Cuando queremos cogerlos con las manos en la masa, permanecemos al loro a su regreso al módulo. Si lo vemos entrar rodeado de compis al tigre del patio, eso significa que los que le han dado dinero para comprar la merca en la calle no esperaran y se lo harán cagar de una para pillar. En ese caso tratamos de caerle de improviso, aunque siempre tienen a un par de chivatillos en la puerta para dar el agua. Si el pavo en cuestión no se deja amedrentar o la mercancía que trae es solo suya, esperamos a que suba a celdas y cuando han pasado unos minutos prudenciales, abrimos la puerta y le caemos. De ahí, lo enviamos al chopano parteado y a la espera de juicio.
Pero uno nunca sabe que es lo mejor. Si en el patio no hay droga, los nervios están a flor de piel y los enmonaos se mueven como alienígenas en busca de lo que pillen. Las peleas están a la orden del día y nuestro curro se vuelve un coñazo. Si por otro lado, ha entrado droga, toda la peña está atenta al reparto y las pilas vuelan de módulo a módulo como una lluvia de meteoritos. Sin embargo, al cabo de las horas y cuando cada cual ha pillado su dosis, el módulo se convierte por arte de birlibirloque en un paraíso de la tranquilidad y el sosiego. Por eso, en muchas ocasiones hacemos la vista gorda y dejamos pasarla para descansar de una puta vez.

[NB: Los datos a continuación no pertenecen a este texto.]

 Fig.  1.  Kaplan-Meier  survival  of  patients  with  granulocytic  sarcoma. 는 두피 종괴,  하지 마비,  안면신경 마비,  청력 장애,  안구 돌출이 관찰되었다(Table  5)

La verdad sea dicha, es que si bien los presos de toda la vida -los atracadores, los asesinos y los talegueros de pro- son los más claros en su manera de desenvolverse, cuando hay problemas son los más conflictivos para controlar. Por eso cualquiera de nosotros prefiere los módulos suaves, donde se encuentran los novatos, los que salen de permiso y los violadores, pedófilos y pederastas, internos que siempre tienen un comportamiento aceptable y que rara vez nos dan problemas.
Aunque hay que joderse. Todos tenemos hijos y tener que tragar con estos hijos de puta por muy buen comportamiento que tengan, te revuelve el estómago. Pero para eso nos pagan.